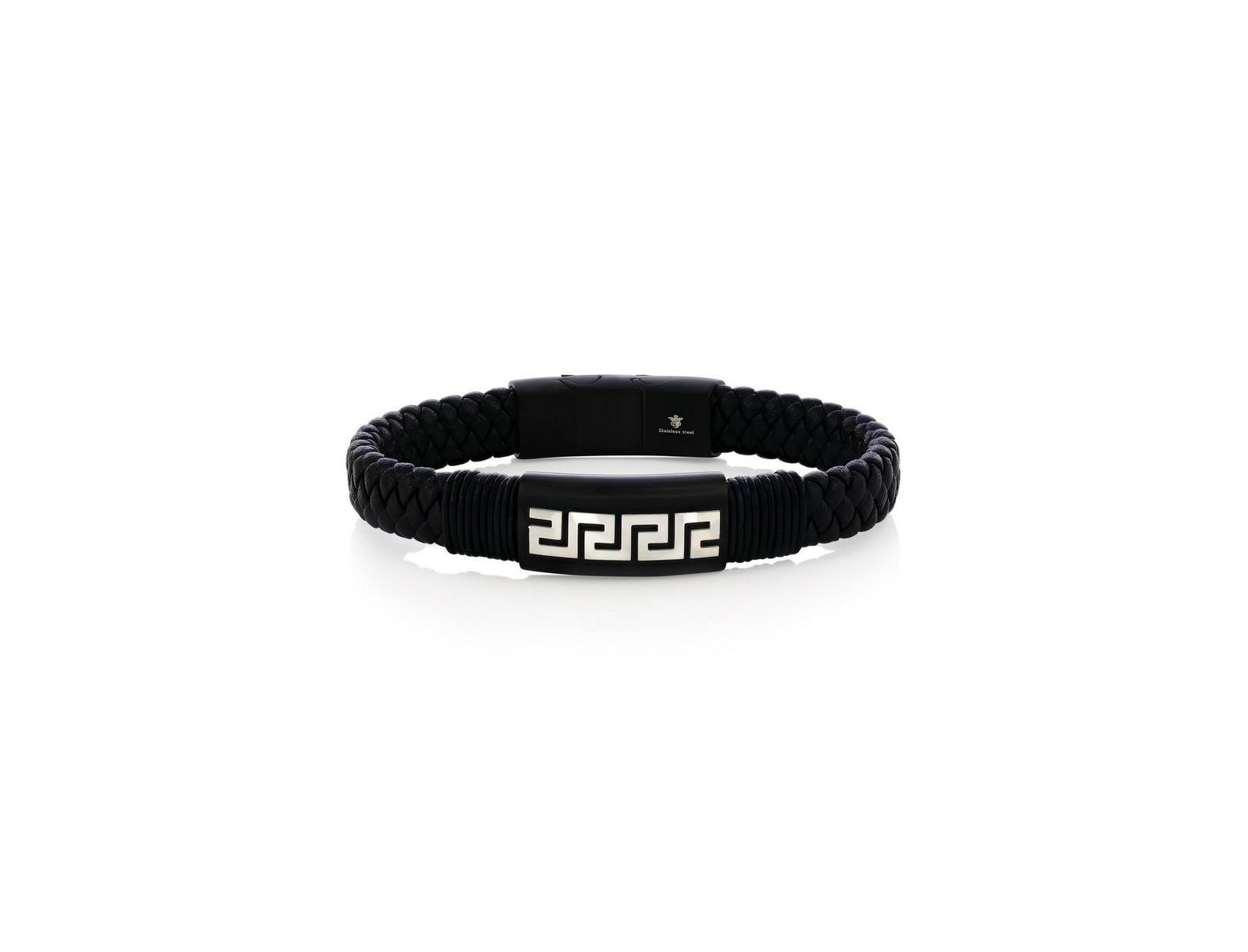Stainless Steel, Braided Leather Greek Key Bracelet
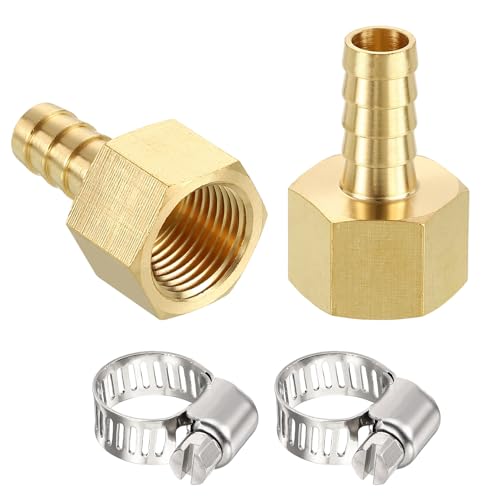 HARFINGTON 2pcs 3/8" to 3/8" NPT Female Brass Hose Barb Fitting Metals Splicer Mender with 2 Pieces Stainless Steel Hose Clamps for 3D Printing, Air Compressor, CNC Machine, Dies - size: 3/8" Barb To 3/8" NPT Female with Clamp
***
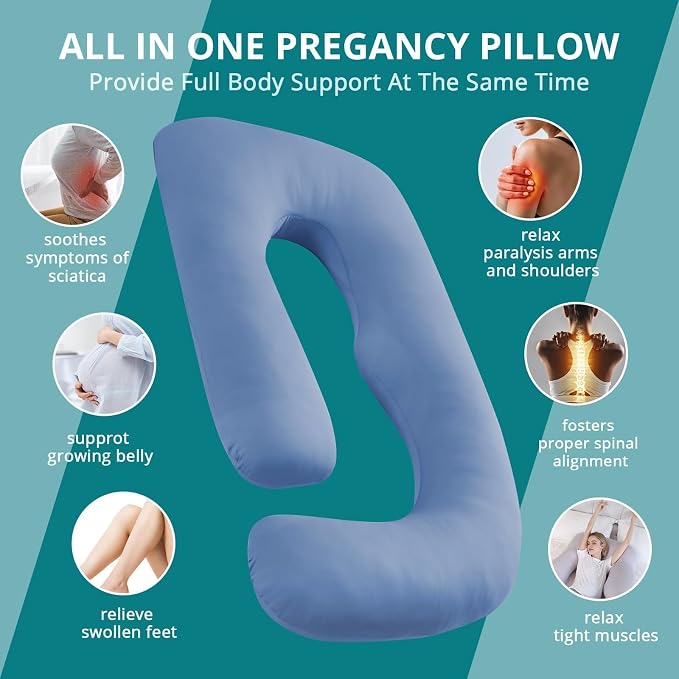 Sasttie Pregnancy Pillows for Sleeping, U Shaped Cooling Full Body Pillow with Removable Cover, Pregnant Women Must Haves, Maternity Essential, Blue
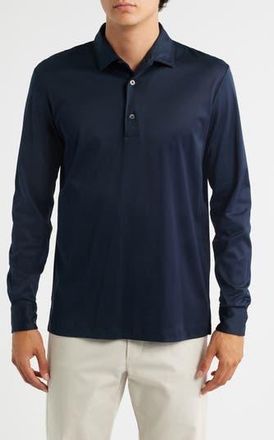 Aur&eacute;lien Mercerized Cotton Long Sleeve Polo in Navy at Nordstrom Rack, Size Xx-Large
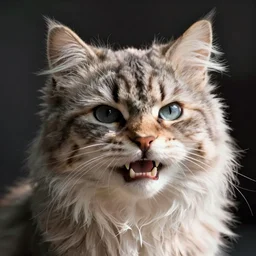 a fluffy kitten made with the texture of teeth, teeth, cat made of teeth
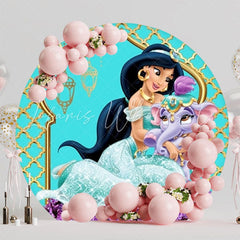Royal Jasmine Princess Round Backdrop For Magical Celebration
***
● Task prompt:
Everything from the line above that contains "Aur&eacute;lien Mercerized Cotton" down to the line that contains "Royal Jasmine Princess" must be reproduced exactly, both ends included. Omit the pictures.

● Written reply:
 Aur&eacute;lien Mercerized Cotton Long Sleeve Polo in Navy at Nordstrom Rack, Size Xx-Large
 a fluffy kitten made with the texture of teeth, teeth, cat made of teeth
Royal Jasmine Princess Round Backdrop For Magical Celebration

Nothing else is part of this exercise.